FEDERAL TAX COURT OVERTURNS ADMINISTRATION’S OPINION
In a judgment dated August 22, 2013 (Case V R 37/10, BStBl. [Bundessteuerblatt, Federal Tax Gazette] II 2014, p. 233), the Federal Tax Court [Bundesfinanzgericht] had decided that the tax liability for construction supplies can be transferred to the recipient of the supplies only when the recipient uses the input supplies to provide construction supplies of its own. Contrary to what the Tax Administration had argued, the Federal Tax Court held that the scope of construction supplies otherwise provided by the recipient of the supplies was immaterial, as was whether the provider and recipient of the supplies had agreed to transfer the tax liability.

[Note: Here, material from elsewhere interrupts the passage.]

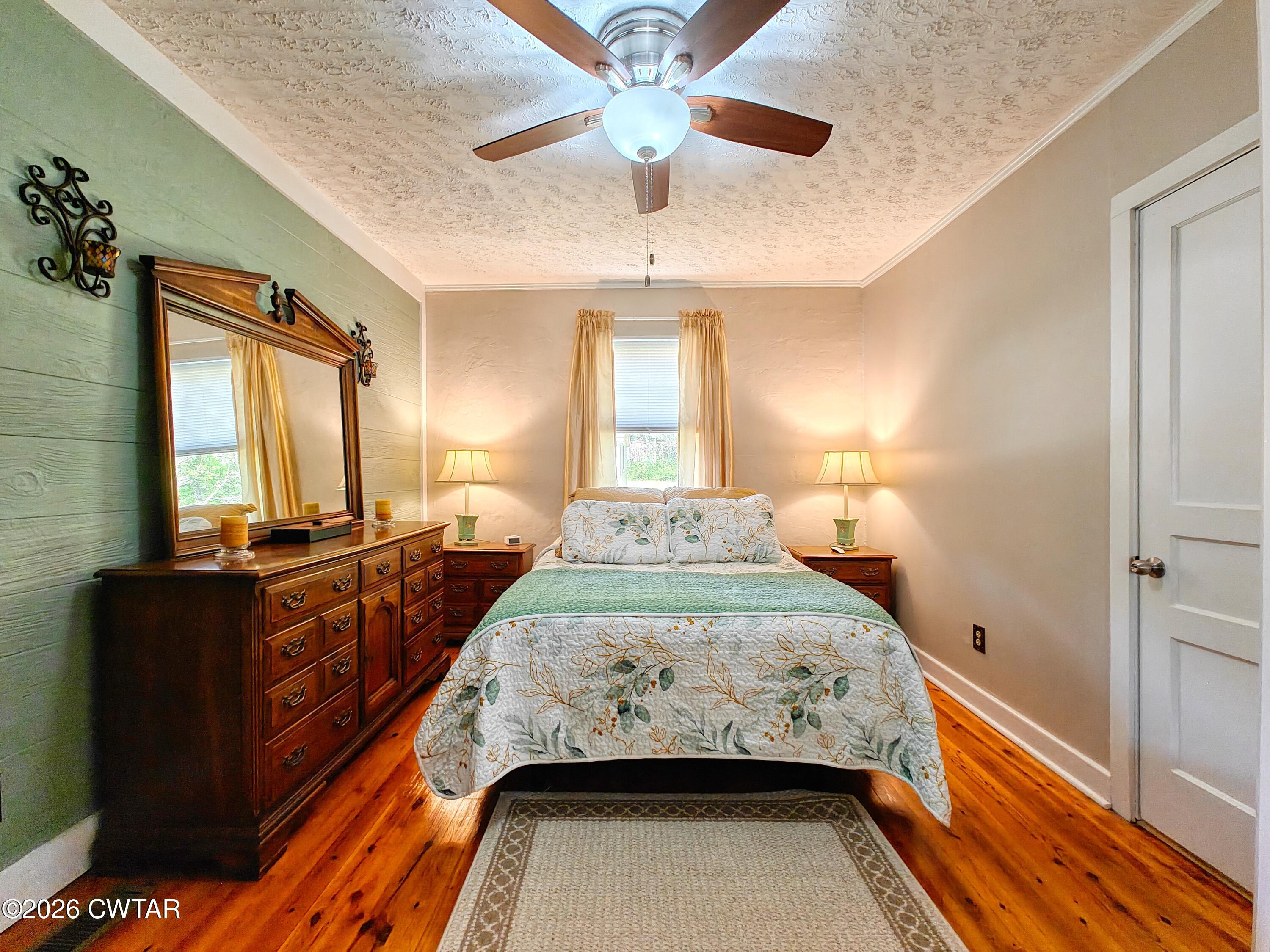 195 Coast Guard Road Buchanan, TN 38222 - Photo 23 of 34 a bedroom with a bed and a chandelier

ADMINISTRATIVE PRACTICE NOW ESTABLISHED AS LEGISLATION
Based on the proposal from the Bundesrat, the Croatia Tax Amendment and Revision Act has now incorporated provisions under which construction supplies result in a transfer of tax liability without regard to the recipient’s actual use of those input supplies, provided that the recipient is a business enterprise and regularly provides construction supplies. The legislature has established greater legal certainty in this regard for those concerned: the tax authorities are now required to issue an appropriate certification, solely for purposes of value added tax, to the relevant entities who buy construction supplies and regularly provide construction supplies themselves. This will reduce future doubts about whether the reverse charge method applies, and whether entrepreneurs have a tax liability for construction supplies they have received. The Tax Office must limit the certification to not more than three years, and can revoke it only with effect for the future.

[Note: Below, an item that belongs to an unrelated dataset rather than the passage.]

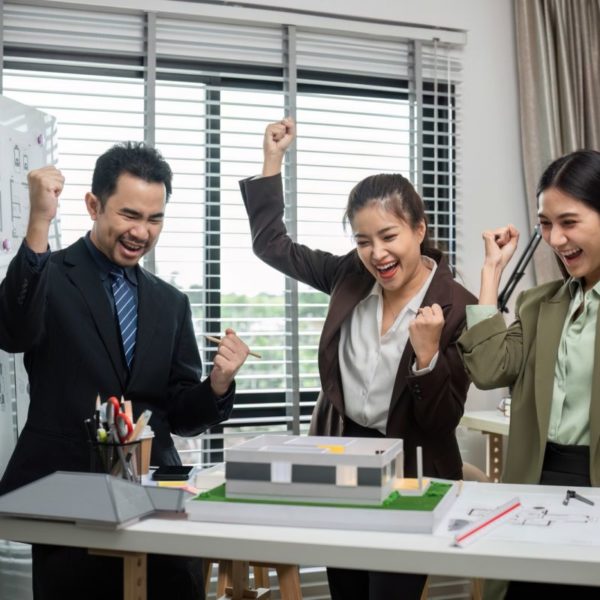 Happy Business Team Celebrates Successful Real Estate Project Completion in Modern Office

Under the legislation, a regular delivery of construction supplies is still to be assumed when those supplies amount to at least 10% of the supplies recipient’s worldwide revenues. However, it was not considered necessary for the statute to enact specific terms here because established certification practice has already ensured legal certainty for those concerned.
In contrast to the Bundesrat’s original proposal, property developers will still not fall under the provision, because they do not provide construction supplies in this sense and therefore are not included under the special VAT terms.

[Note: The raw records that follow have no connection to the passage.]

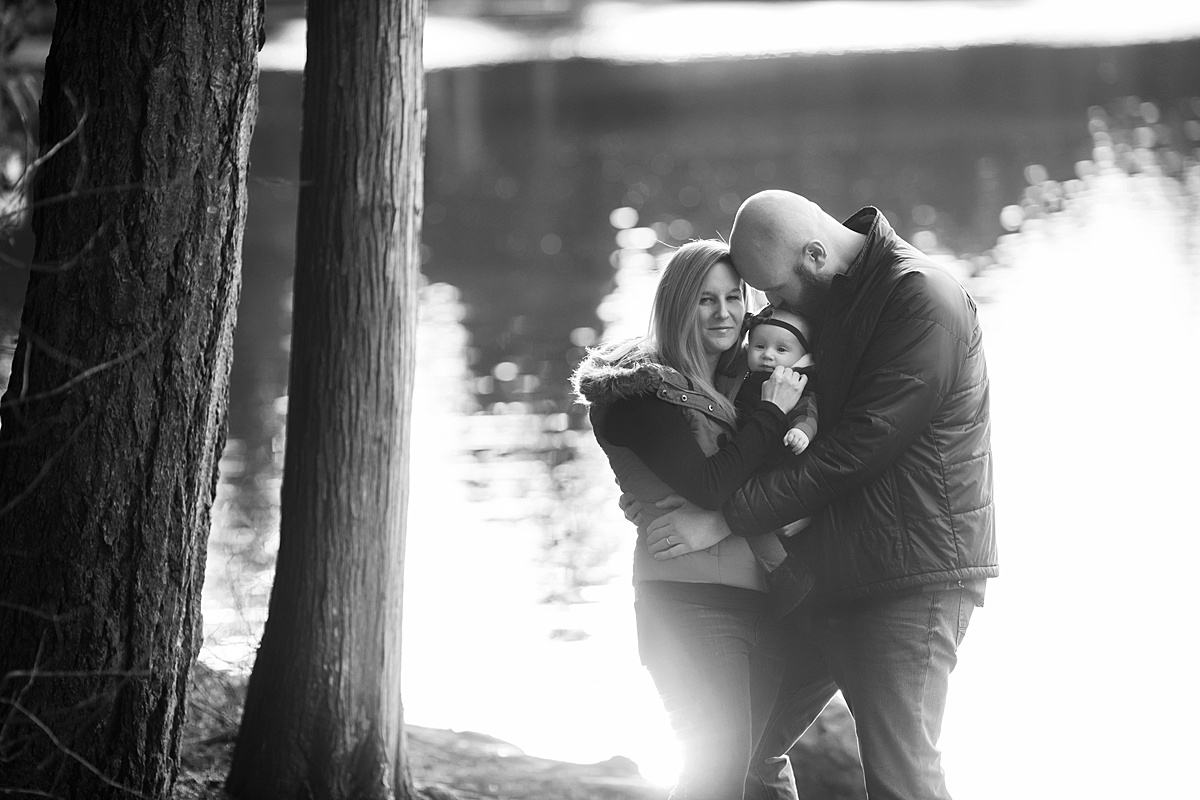 Best Age to Photograph Baby, Neyssa Lee Photography, Seattle Baby Photographer, Black and white photo of family by the lake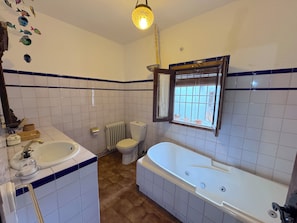Ein Badezimmer mit einer Badewanne, Toilette, Waschbecken und einem Fenster mit Blick.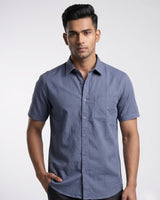 A man wearing a short-sleeve button-down shirt in slate blue, photographed against a light gray studio background.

On the other hand, equivalent provisions have been included for cleaning services. Accordingly, the tax liability is transferred if the recipient of the supplies regularly provides such supplies itself, which is to be assumed if appropriate certification is presented.
THE FICTION OF THE REVERSE CHARGE METHOD
If the supplies recipient and the supplies provider both agree in applying the prerequisites for a transfer of the tax liability, the supplies recipient is considered the taxpayer irrespective of whether the requirements are met in fact. This fiction applies uniformly to both construction supplies and cleaning services.
The new provisions take effect on October 1, 2014.
TRANSITIONAL PROVISIONS FOR EXISTING CASES …
The legislation also includes a provision that parallels the non-complaint rule under the Federal Ministry of Finance’s circulars of February 2, 2014 (BStBl. I 2014, p. 233) and May 8, 2014 (BStBl. I 2014, p. 823). In those communications, the Tax Administration established a protection of legitimate expectations if the entrepreneur providing the supplies and the recipient of the supplies, by mutual agreement, had incorrectly assumed a transfer of tax liability for revenue generated before February 15, 2014.
… MAY MAKE PROBLEMS FOR DEVELOPERS
This will affect numerous property developers who thought, based on past administrative directives, that they were covered by the reverse charge method. They can now claim a refund from the Tax Office for the value added tax they paid. Contrary to the general rules on legitimate expectations, there is a specific provision that recourse against the supplies provider is generally supposed to be possible. At the same time, the supplies provider is given the option of assigning to the Tax Office any claim for a civil settlement that it has against its client, in order to satisfy the tax liability. But there is likely to be considerable litigation straightaway as to whether any such claim exists. Here questions of civil and tax law must be resolved interactively. It is important in these matters to have access to an advisor who is familiar with both fields of the law.